Feature Engineering Ch 8
Engineers funding-specific features: premium z-scores, funding rate cumulative sums, carry metrics, and cross-symbol dispersion features for regime awareness. Uses hours-based lookback windows (8h to 720h) aligned to the 8H cadence. Includes momentum, volatility, and liquidity features adapted to 24/7 crypto markets, plus major/alt cost-tier indicators.
Temporal Features Ch 9
Fits GJR-GARCH(1,1) per symbol for conditional volatility with asymmetric leverage effect and Student-t innovations for fat tails. Fits a 2-state Gaussian HMM on cross-sectional mean of premium z-scores to detect normal vs liquidation cascade regimes. Uses filtered (not smoothed) probabilities to avoid look-ahead. Produces 5 temporal features.
Modeling
7 notebooks
The only case study where deep learning leads on IC. LSTM achieves +0.030 vs GBM +0.023, capturing 8-hour temporal dependencies in funding rate dynamics that tree models miss. Linear models produce negative IC -- the signal is genuinely nonlinear. Autoencoder learns latent crypto market structure. TCN tests dilated causal convolutions on the short 8-hour cadence. Causal DML tests whether premium z-score causes returns or reflects confounders.
Linear Models Ch 11
Trains Ridge, LASSO, and ElasticNet on walk-forward folds across perpetual contracts at 8-hourly frequency. Tests whether regularization can isolate the mean-reversion component from noise given a negative baseline IC. Registers predictions and per-fold coefficients to the model registry.
Gradient Boosting Ch 12
Searches LightGBM configurations across leaf-count profiles and objectives with IC evaluated at iteration checkpoints. Tests whether tree-based nonlinearity captures funding rate dynamics that linear models miss on the narrow perpetual universe. Registers best checkpoint per config for downstream backtest.

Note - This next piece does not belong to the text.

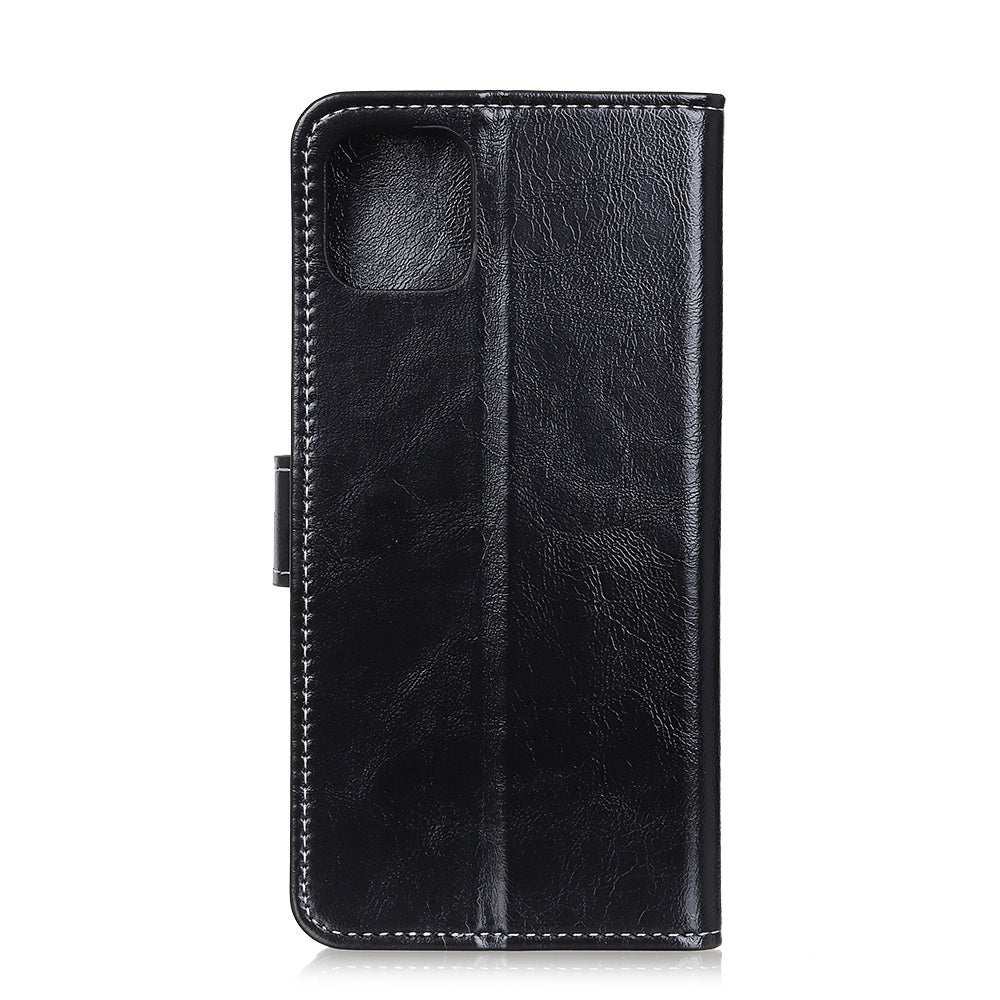 For iPhone 12 / 12 Pro 6.1 inch Crazy Horse Texture Vintage Leather Wallet Case Magnetic Shockproof Protective Cover with Stand Function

Tabular Deep Learning (TabM) Ch 12
Trains TabM rank-1 adapter MLP ensemble (small/medium/large) on the same flat feature matrix as GBM via walk-forward CV with IC checkpoints. Tests whether attention-based architectures find additional structure beyond tree splits on the perpetual universe. Registers predictions for backtest.
LSTM Ch 13
Trains LSTM with gated recurrence on 60-bar lookback windows of 8-hourly crypto data across perpetual contracts. Tests whether gated memory captures temporal decay patterns in funding rate shocks that tree ensembles cannot model. Includes MC Dropout uncertainty estimation. Loads prior linear and GBM baselines for comparison.
Trains a Temporal Convolutional Network with dilated causal convolutions on 8-hourly data across perpetuals. Tests whether hierarchical temporal receptive fields capture multi-timescale funding dynamics differently than LSTM's sequential gating. Compares against prior linear and GBM baselines.
Autoencoder (Latent Factors) Ch 14
Trains a vanilla autoencoder on hourly returns from major crypto assets with a 2D latent space. Uses reconstruction error as an anomaly signal. Visualizes latent space structure and examines the relationship between reconstruction error and volatility regimes.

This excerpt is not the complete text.